■ What is expected
All of the entries below need repeating exactly, apart from their images.
*** Opening of Data records ***
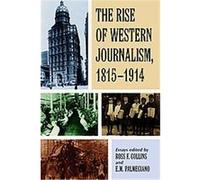 The Rise of Western Journalis, 1815-1914 Ross F. Collins (Auteur)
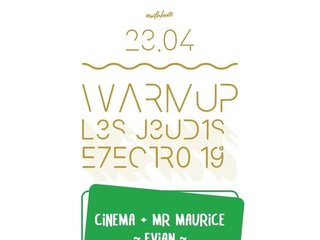 WARMUP #2 - Les JEUDIS ELECTRO 19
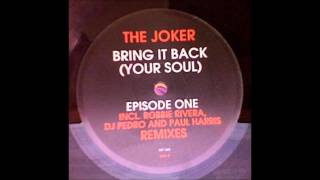THE JOKER - Bring it Back (Your Soul) - (DJ Pedro Hurricane Remix)
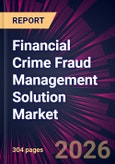 Financial Crime Fraud Management Solution Market 2026-2030- Product Image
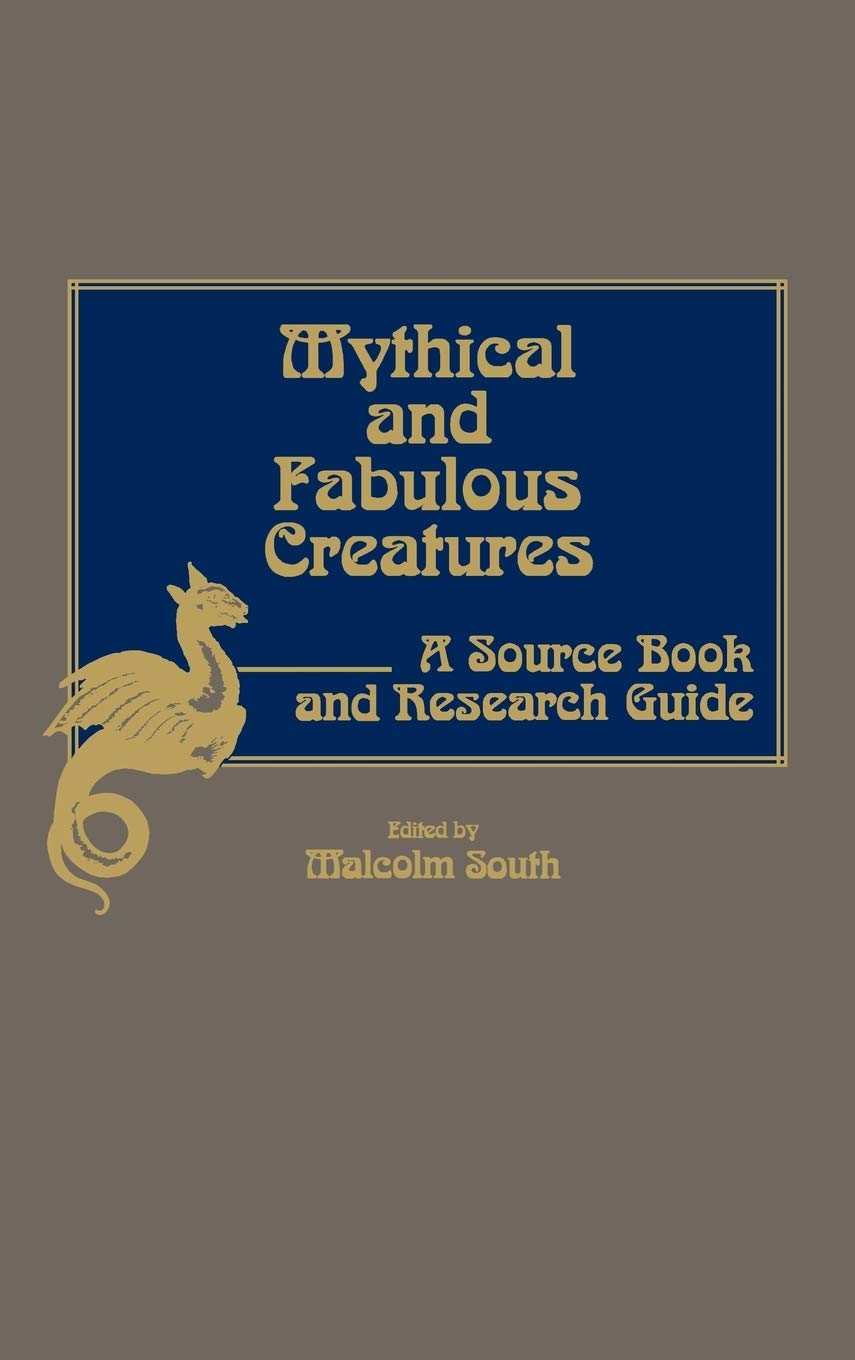 Mythical and Fabulous Creatures: A Source Book and Research Guide,Used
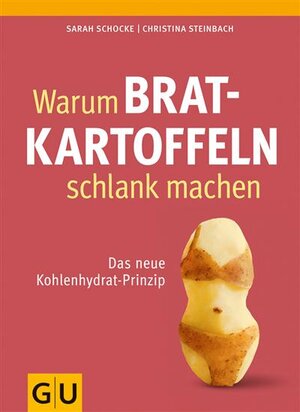 Buchcover Warum Bratkartoffeln schlank machen | Sarah Schocke | EAN 9783833835551 | ISBN 3-8338-3555-9 | ISBN 978-3-8338-3555-1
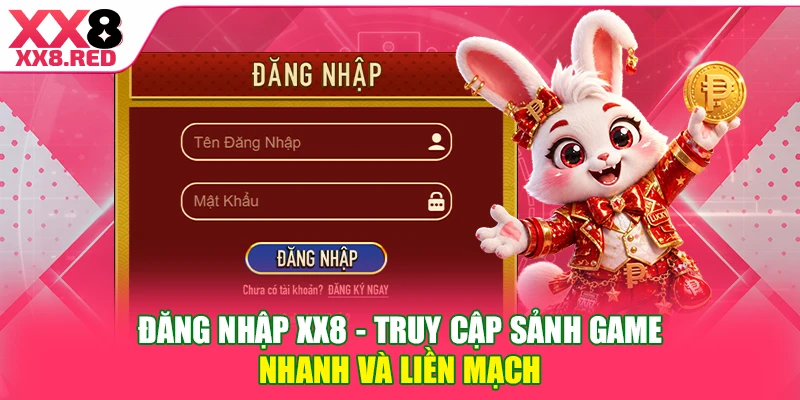 Đăng nhập XX8 - Truy cập sảnh game nhanh và liền mạch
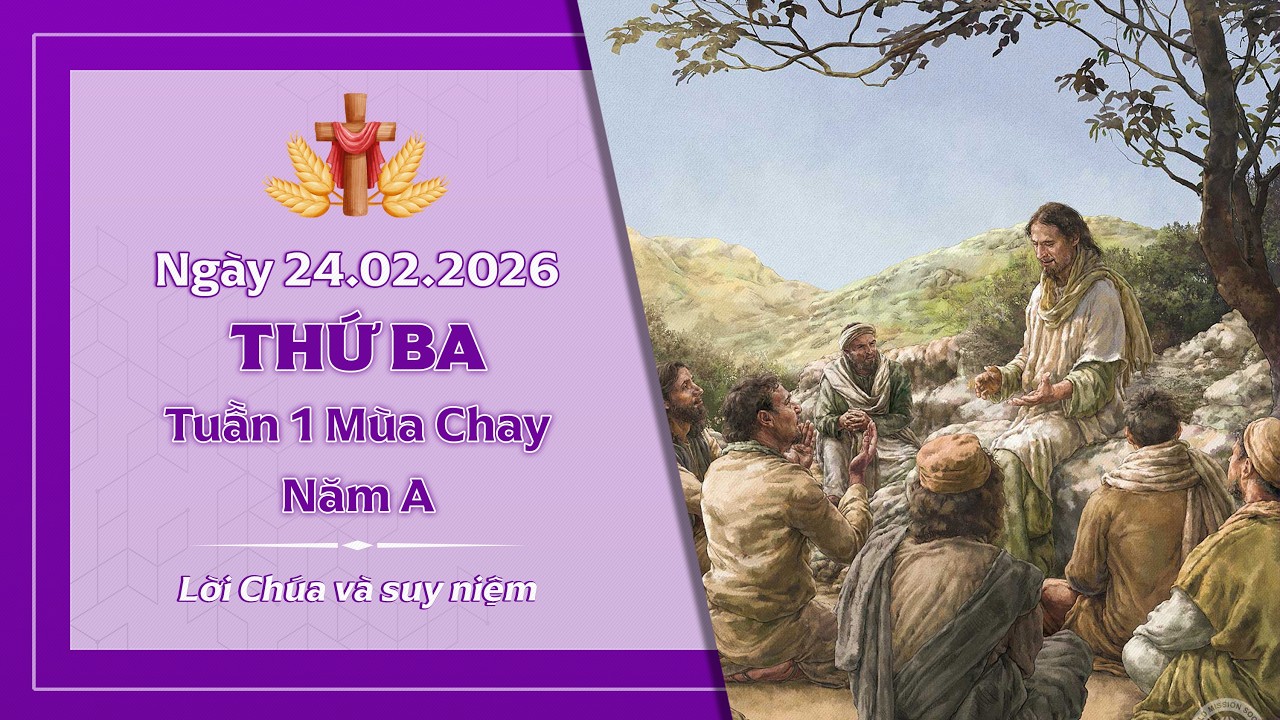 Suy niệm THỨ BA TUẦN 1 MÙA CHAY - NĂM A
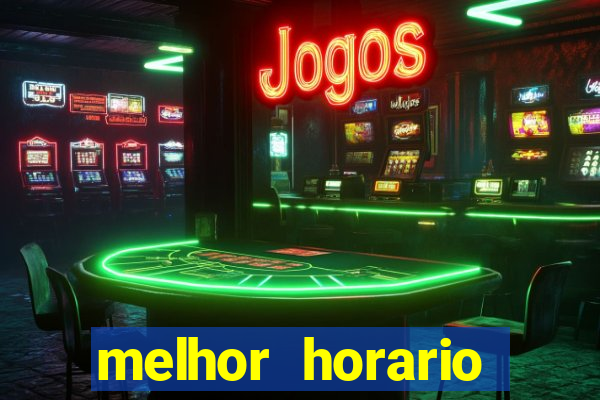 melhor horario jogar fortune tiger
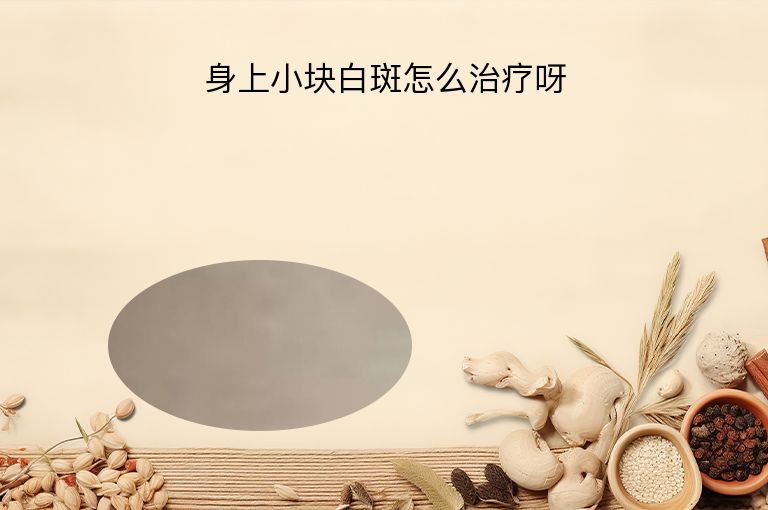身上小块白斑怎么治疗呀”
*** Close of Data records ***
■ Response to this task
 The Rise of Western Journalis, 1815-1914 Ross F. Collins (Auteur)
 WARMUP #2 - Les JEUDIS ELECTRO 19
THE JOKER - Bring it Back (Your Soul) - (DJ Pedro Hurricane Remix)
 Financial Crime Fraud Management Solution Market 2026-2030- Product Image
 Mythical and Fabulous Creatures: A Source Book and Research Guide,Used
 Buchcover Warum Bratkartoffeln schlank machen | Sarah Schocke | EAN 9783833835551 | ISBN 3-8338-3555-9 | ISBN 978-3-8338-3555-1
 Đăng nhập XX8 - Truy cập sảnh game nhanh và liền mạch
 Suy niệm THỨ BA TUẦN 1 MÙA CHAY - NĂM A
 melhor horario jogar fortune tiger
身上小块白斑怎么治疗呀”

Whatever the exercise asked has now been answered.